Conor McGrath

Personal information
- Native name: Conchúir Mac Craith (Irish)
- Born: 29 May 1991 (age 35) Ennis, County Clare, Ireland
- Occupation: Financial auditor
- Height: 1.78 m (5 ft 10 in)

Sport
- Sport: Hurling
- Position: Left corner-forward

Club
- Years: Club
- 2008-: Cratloe

Club titles
- Football / Hurling
- Clare titles: 2 / 2

Inter-county*
- Years: County / Apps (scores)
- 2011-present: Clare / 19 (6-57)

Inter-county titles
- Munster titles: 0
- All-Irelands: 1
- NHL: 1
- All Stars: 1
- *Inter County team apps and scores correct as of 17:28, 11 June 2016.

= Conor McGrath =

Irish hurler (born 1991)

Conor McGrath (born 29 May 1991) is an Irish hurler who plays as a left corner-forward for the Clare senior team.

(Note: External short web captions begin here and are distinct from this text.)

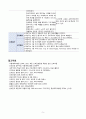 심부전/케이스스터디/간호진단/간호과정/가스교환장애 5페이지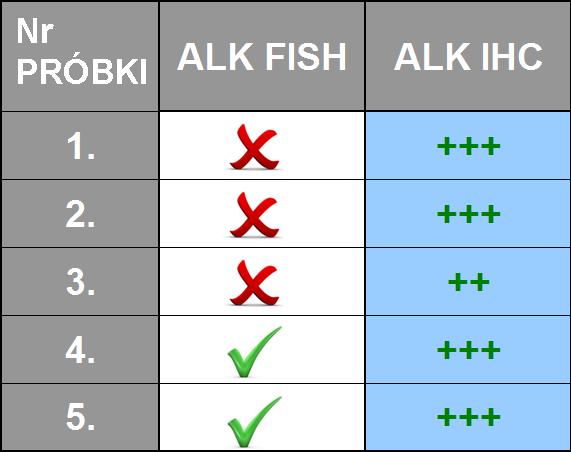 Tabela 6. Wyniki analizy 5 materiałów ALK-IHC (+) metodą ALK-FISH.
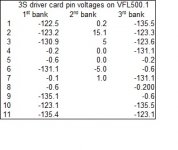 current voltages.jpg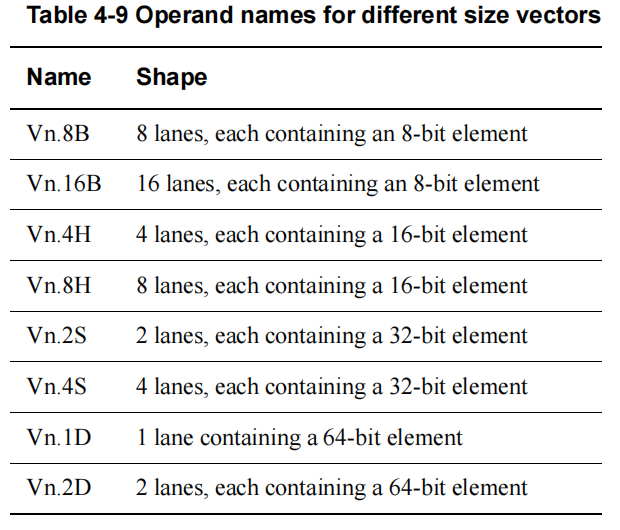 image-04_operand_names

Born in Ennis, County Clare, McGrath was introduced to hurling by his father, a Toomevara native who was heavily involved in hurling coaching. He developed his skills in the Harty Cup with St. Caimin's Community School, while simultaneously becoming involved at underage levels with the Cratloe club. A dual player at the highest level, McGrath has won two championship medals each in both hurling and Gaelic football.

McGrath made his debut on the inter-county scene when he first linked up with the Clare minor team. After little success in this grade, he later won two All-Ireland medals with the under-21 team. McGrath made his senior debut during the 2011 championship. He has since gone on to play a key role for Clare in attack during a successful era, and has won one All-Ireland medal and one National Hurling League medal.

McGrath attended NUI Galway.

==Playing career==
===Club===
In 2009 McGrath was at right corner-forward as Cratloe qualified for their first ever championship decider. Reigning champions Clonlara provided the opposition in what turned out to be a close game. McGrath scored 2–1 in helping Cratloe to a 3–5 to 1–9 victory. It was a first championship medal for McGrath.

McGrath was a key member of the Cratloe senior football team that faced Doonbeg in the 2013 final. A close game developed, however, a 1–0 to 0–7 victory gave McGrath the distinction of being a dual championship medal winner.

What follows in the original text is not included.